The incident also highlights a bit of a disconnect between hype and peer review. It’s a reminder that a paper can be widely discussed and admired online yet still get knocked back in formal review. In the long run, though, the community discussion can have positive effects. In Mamba’s case, the outcry and interest may well motivate the authors (and others in the field) to improve evaluation standards.
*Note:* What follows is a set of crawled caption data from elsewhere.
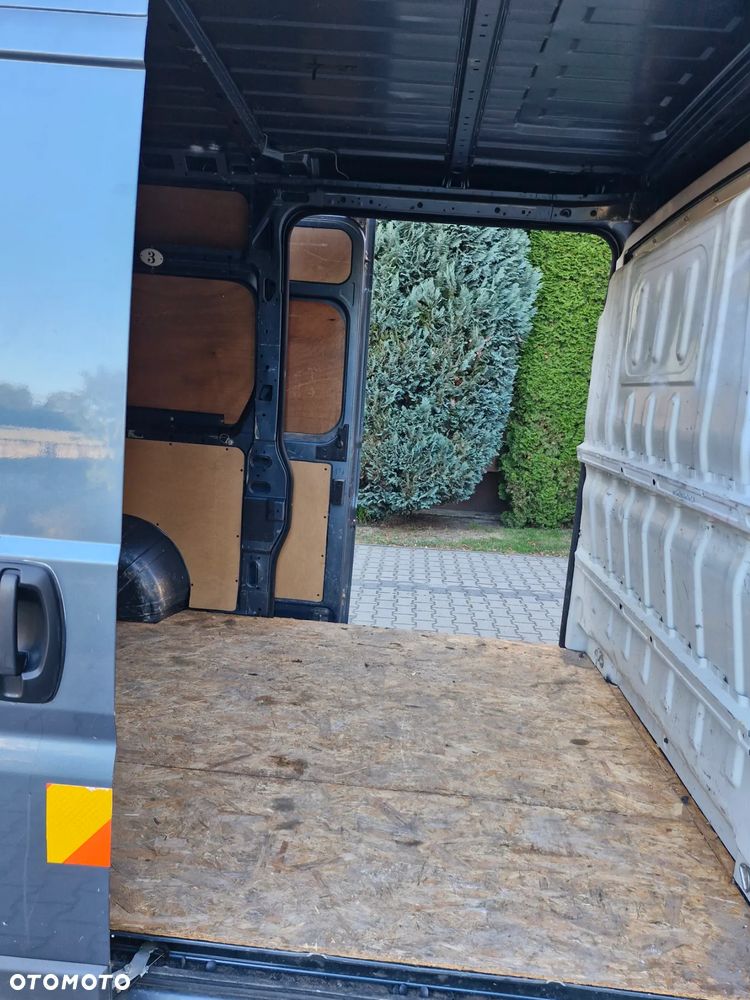 Fiat DUCATO - 13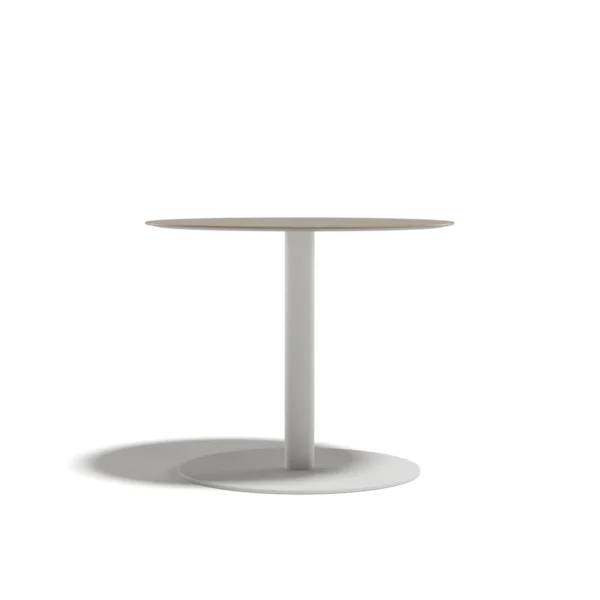 Smart Service Side Table - Image 3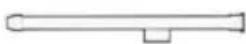 Vevor TX-B6390-48IN+T - SAFETY WARNINGS AND PRECAUTIONS - 6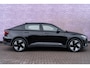 Polestar 2 Long Range Single Motor Plus 82 kWh | Google | Adaptieve Cruise Control | Stoel-/Stuurverwarming | 360 Camera | Elek. Stoelen | Memory | Elek. Achterklep | Dodehoekdetectie | Pilot Assist | Climate Pack | Pixel LED | Keyless | Panoramadak | Warmtepomp | Draadloos Opladen Telefoon | Apple Carplay/Android Auto | 19" LM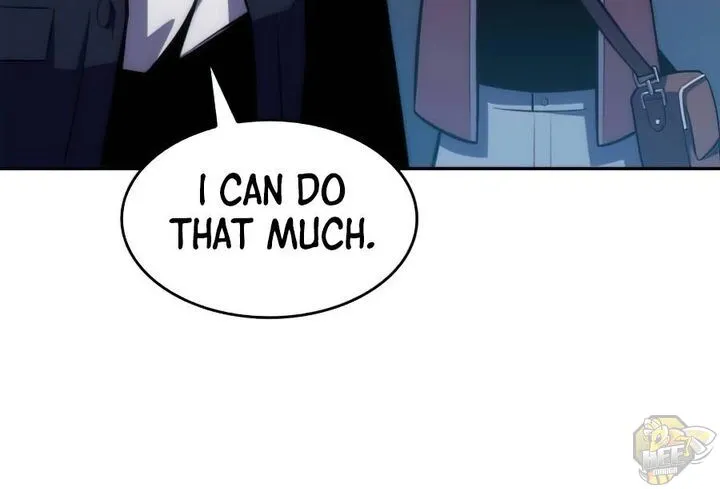 Read Solo Max-Level Newbie chapter 10 image 29 on Lezhin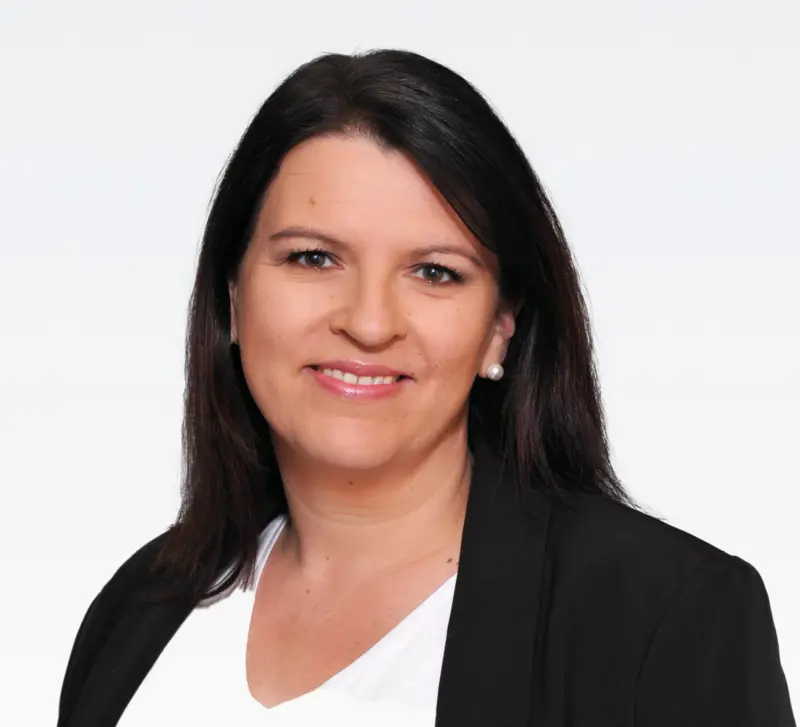 Mag. Barbara Dunst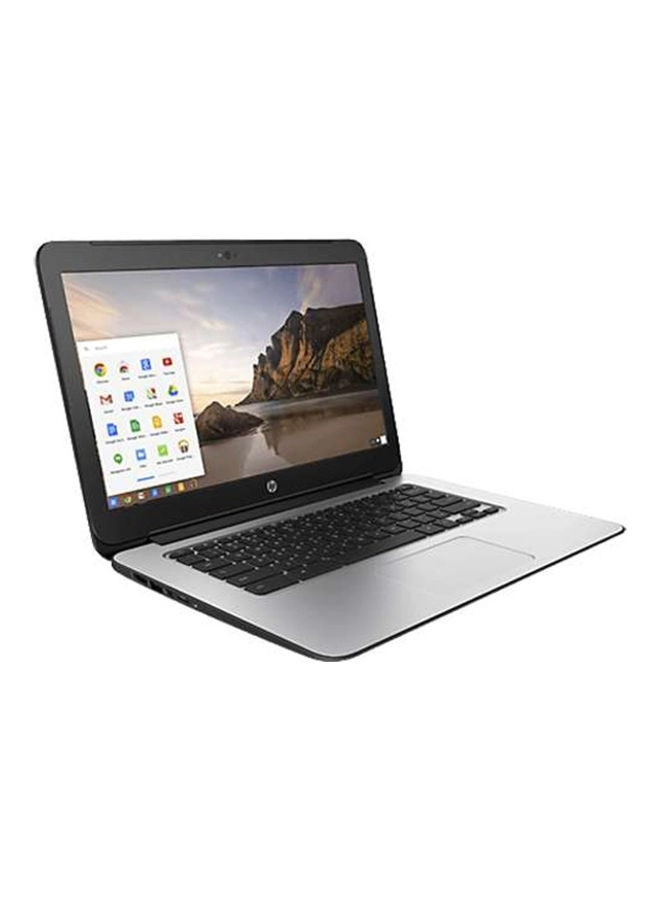 (Renewed) Chromebook 14 - 14'' Celeron 2955U 2GB DDR3 16GB eMMC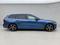 Prodm Volvo V60 B3 R-DESIGN AUT 1.maj.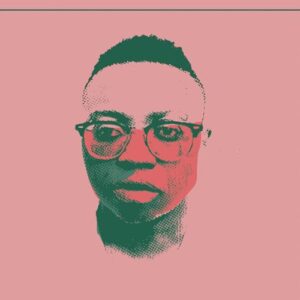 You're Free to Go - Anjimile (CDs)
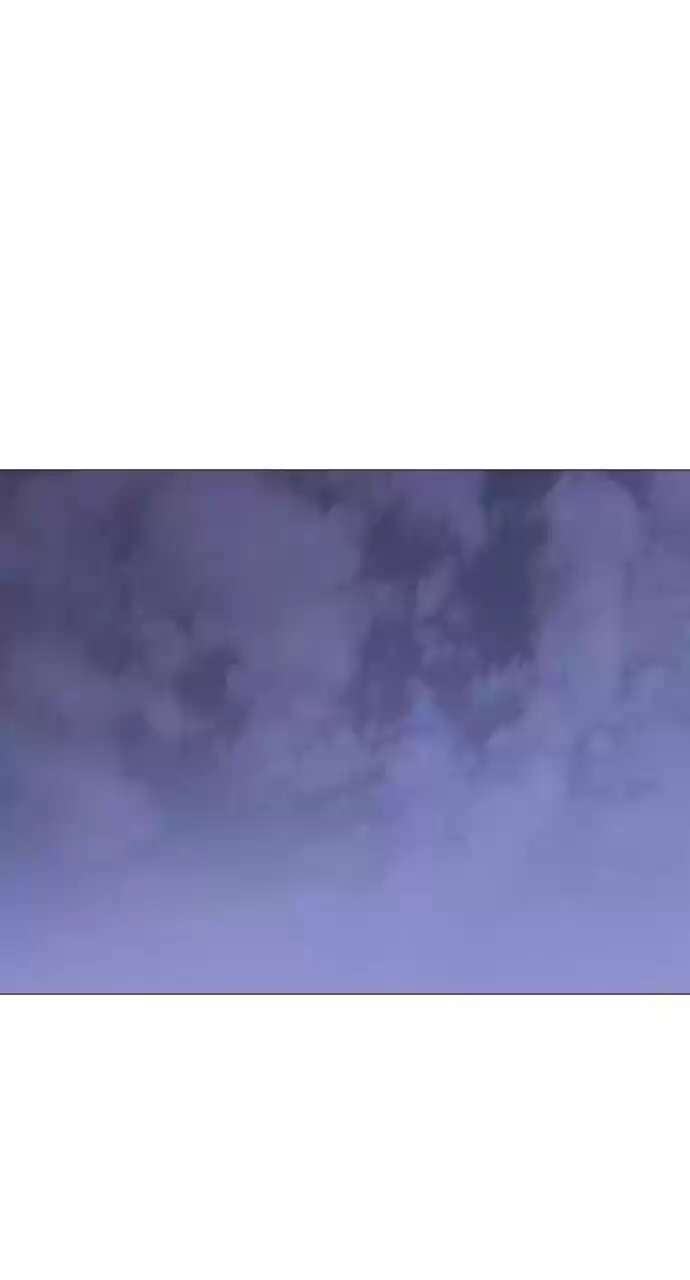 Trump (Ver1) Chapter 227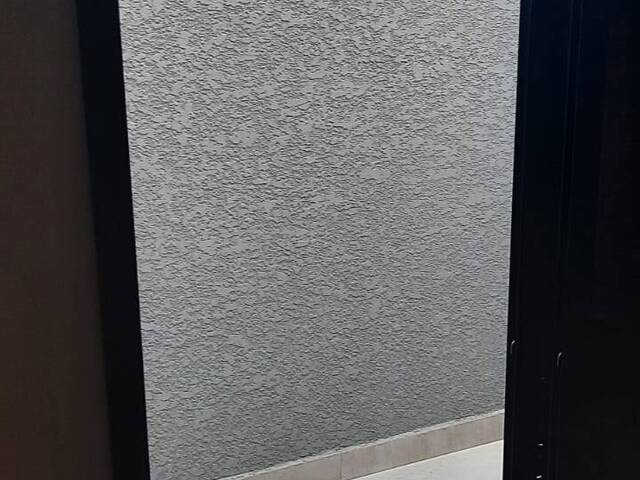 #CA651 S-TA - Casa para Venda em Bragança Paulista - SP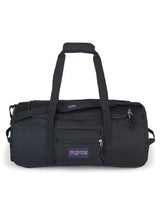 SuperBreak Away Duffel 60L - Voyage Luggage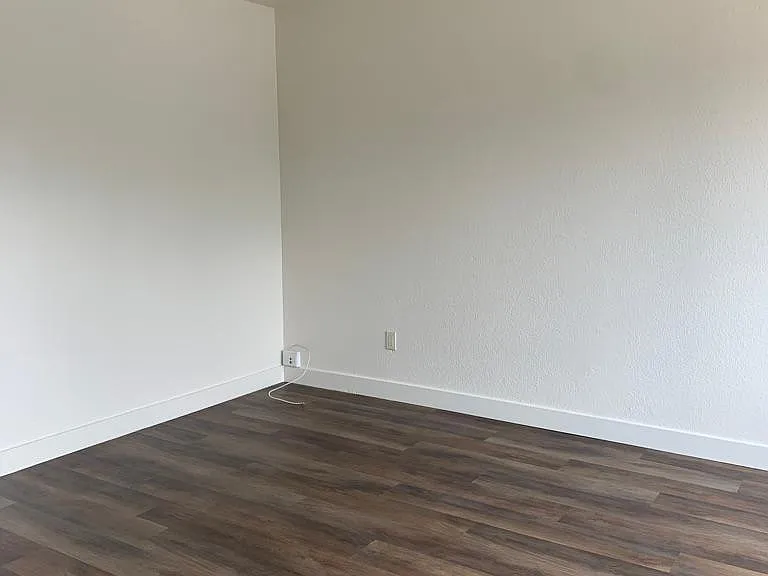 4158 Pepper Dr — Photo 15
We might see future sequence modeling papers include both new and old benchmarks to avoid a "Mamba situation." There’s also a chance that the collective criticism of the review process here (with researchers posting clown emojis and expressing confusion) could add to calls for improving how we review innovative papers – perhaps encouraging more open-mindedness or flexibility for unconventional but promising work.
For the subfield of state-space models and RNN variants, Mamba’s journey is not over. The authors are likely working on a revised version (they’ve already shown some fixes like the H3 comparison in the rebuttal). If Mamba (or a "Mamba v2") manages to address the concerns and get published, it could validate the approach and give a boost to non-transformer sequence models. As one blog noted, companies and researchers are probably already testing Mamba’s ideas at larger scales to see if the performance holds up (Mamba: The Easy Way). If it does, it could influence the design of future large language models, offering a path to more efficient long-context processing. In a broader sense, the rejection sparked such a big conversation that it actually drew more attention to the work. Inadvertently, the controversy put Mamba on more people’s radar, which might accelerate progress (the old "any publicity is good publicity" adage).
Finally, this incident might cause researchers to reflect on benchmarking and evaluation practices in sequence modeling. Should we continue relying on benchmarks like LRA? How do we balance demonstrating real-world impact (e.g. long document tasks) versus standardized tests? Mamba opened up those questions. Some feel that clinging to facile benchmarks can hold the field back, so perhaps the community will develop new, more relevant benchmarks for long-context models as a result.
In conclusion, the rejection of Mamba at ICLR 2024 was not just a single paper’s setback; it became a talking point that provided a multi-perspective lesson. The official reasons boiled down to "promising idea, but show us more," focusing on technical rigor, clarity, and completeness. The public reaction ranged from "the reviewers had a point" to "the reviewers missed the point", highlighting a healthy tension in how we assess new research. Were the critiques fair? In part yes, though many argue they were a bit too conservative. The silver lining is that Mamba’s ideas are now out in the open and being refined, and the whole episode could inspire better evaluations and perhaps more balanced reviewing of bold research. In the fast-evolving field of sequence modeling, the Mamba story is a reminder that innovation often comes hand-in-hand with controversy – and that the path to acceptance (both social and academic) may require not just a great idea, but also the right evidence presented in the right way.